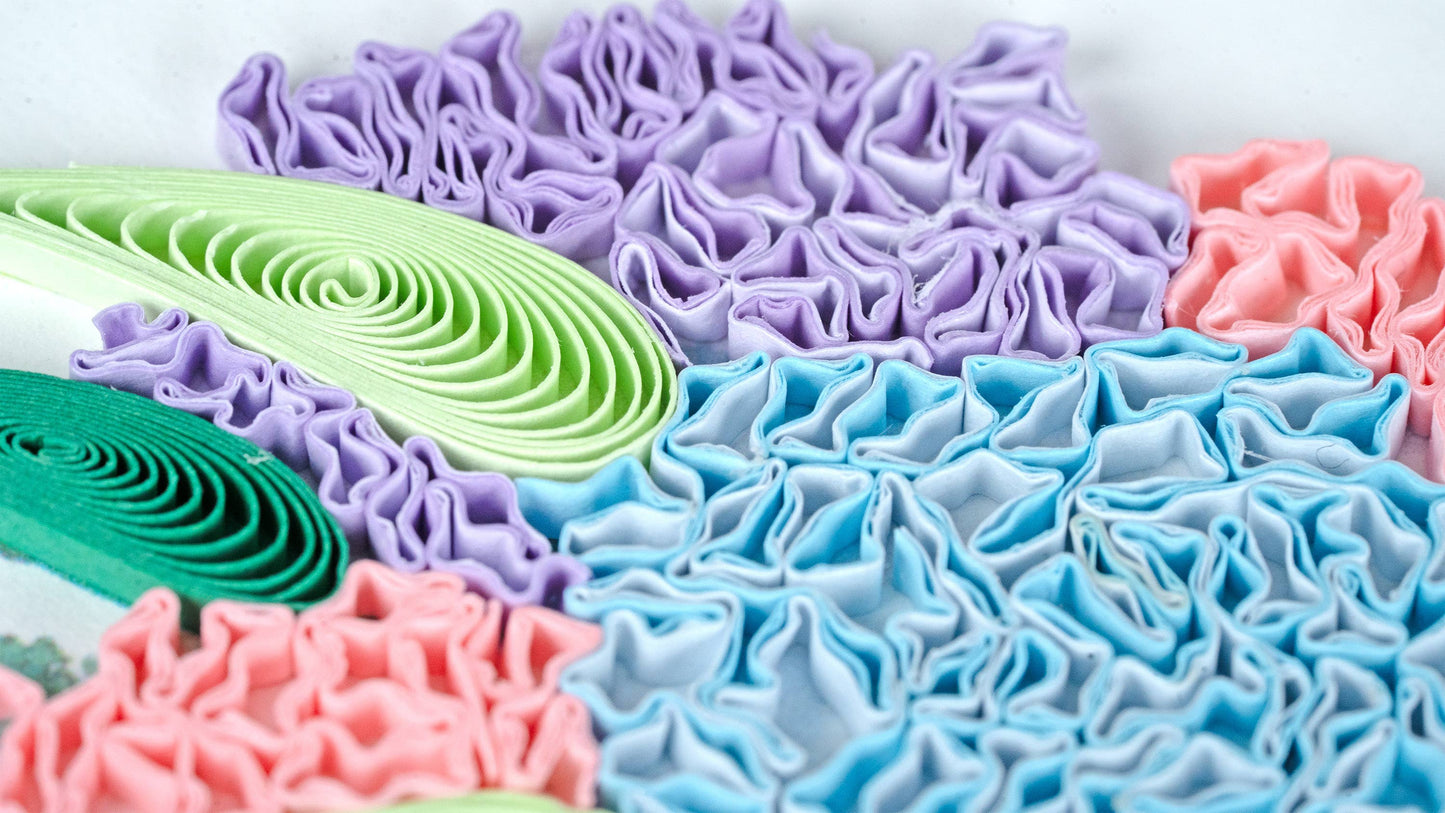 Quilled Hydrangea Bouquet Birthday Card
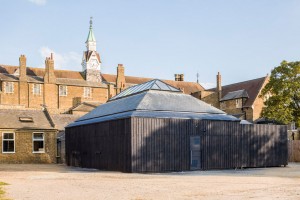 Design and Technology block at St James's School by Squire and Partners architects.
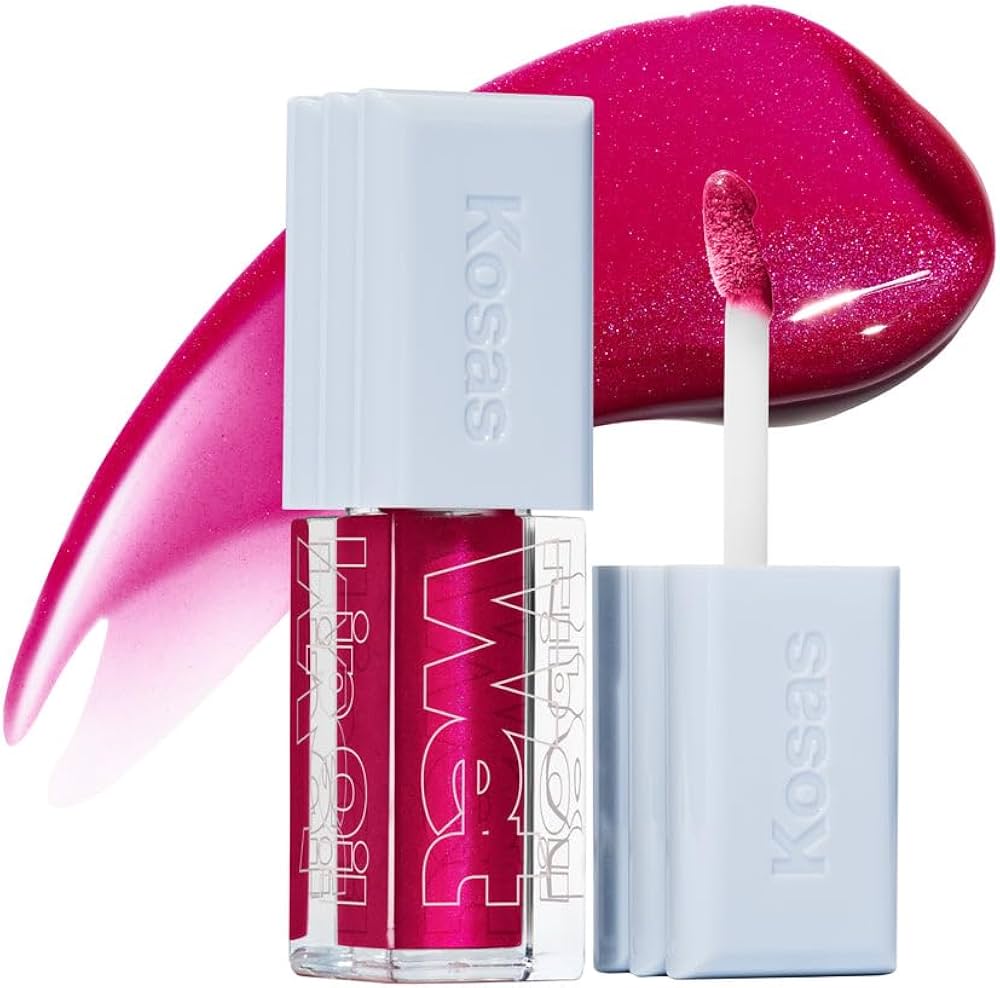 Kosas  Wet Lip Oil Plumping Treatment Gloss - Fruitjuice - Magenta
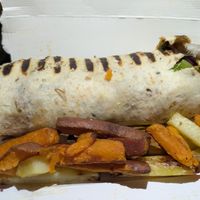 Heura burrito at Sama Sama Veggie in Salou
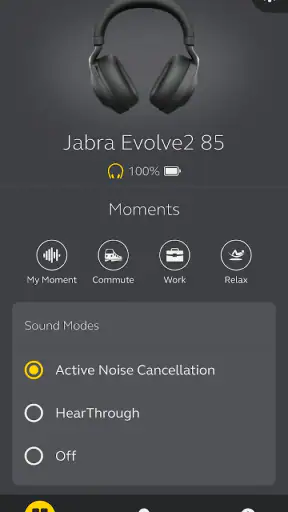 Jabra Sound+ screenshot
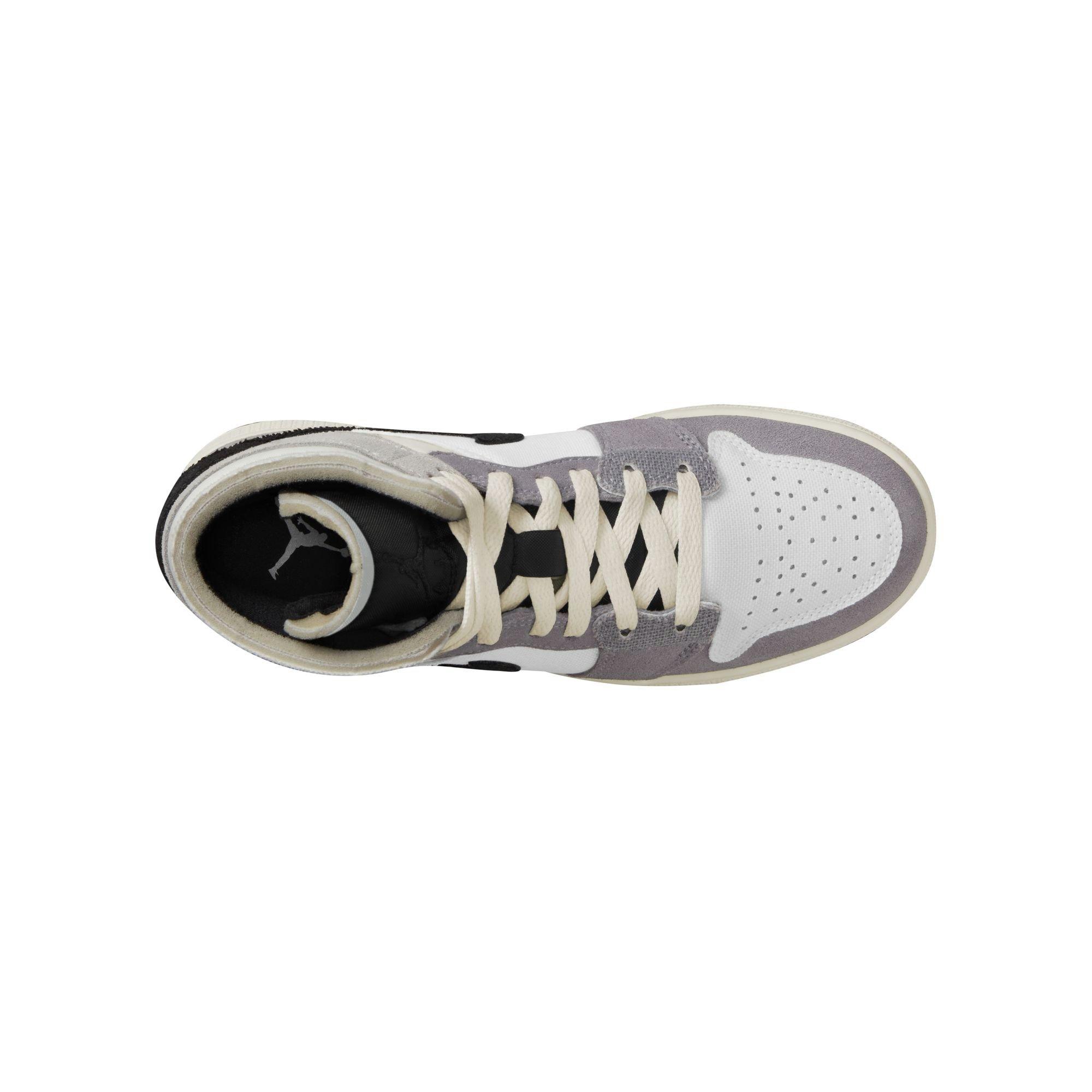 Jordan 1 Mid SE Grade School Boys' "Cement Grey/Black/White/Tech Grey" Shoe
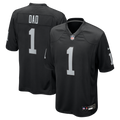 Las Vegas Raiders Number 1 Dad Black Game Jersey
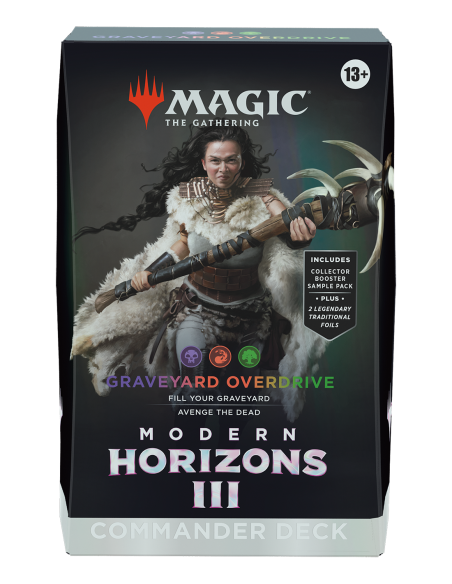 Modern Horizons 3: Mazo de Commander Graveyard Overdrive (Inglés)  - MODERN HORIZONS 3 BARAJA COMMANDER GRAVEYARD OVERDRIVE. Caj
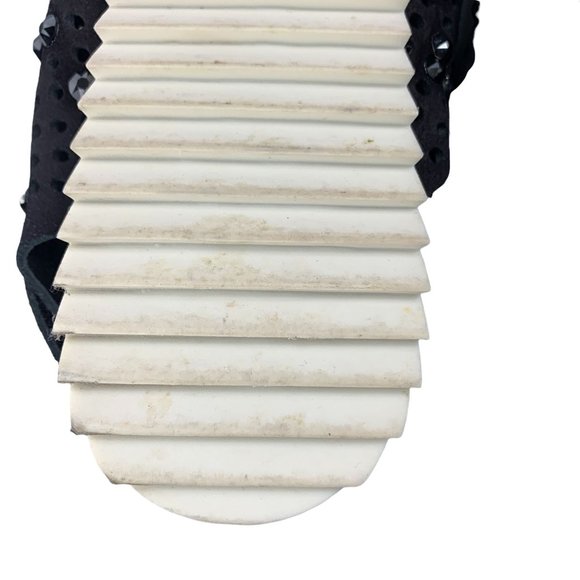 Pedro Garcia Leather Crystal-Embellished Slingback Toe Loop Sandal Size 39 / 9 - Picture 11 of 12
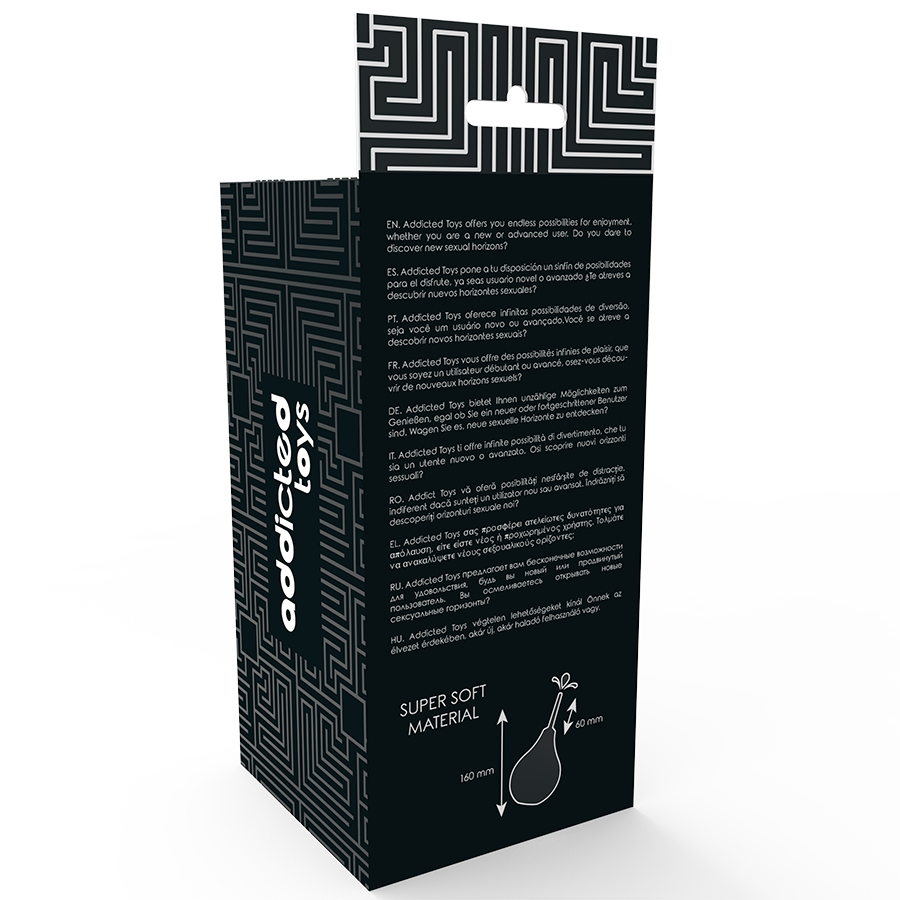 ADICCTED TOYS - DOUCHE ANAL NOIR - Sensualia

- - -

**Task requirements:**
Print exactly, and print only, the lines from the line with "Design and Technology" through the last line of the entries, both ends included. No pictures belong in the result.

**Expected output:**
 Design and Technology block at St James's School by Squire and Partners architects.
 Kosas  Wet Lip Oil Plumping Treatment Gloss - Fruitjuice - Magenta
 Heura burrito at Sama Sama Veggie in Salou
 Jabra Sound+ screenshot
 Jordan 1 Mid SE Grade School Boys' "Cement Grey/Black/White/Tech Grey" Shoe
 Las Vegas Raiders Number 1 Dad Black Game Jersey
 Modern Horizons 3: Mazo de Commander Graveyard Overdrive (Inglés)  - MODERN HORIZONS 3 BARAJA COMMANDER GRAVEYARD OVERDRIVE. Caj
 Pedro Garcia Leather Crystal-Embellished Slingback Toe Loop Sandal Size 39 / 9 - Picture 11 of 12
 ADICCTED TOYS - DOUCHE ANAL NOIR - Sensualia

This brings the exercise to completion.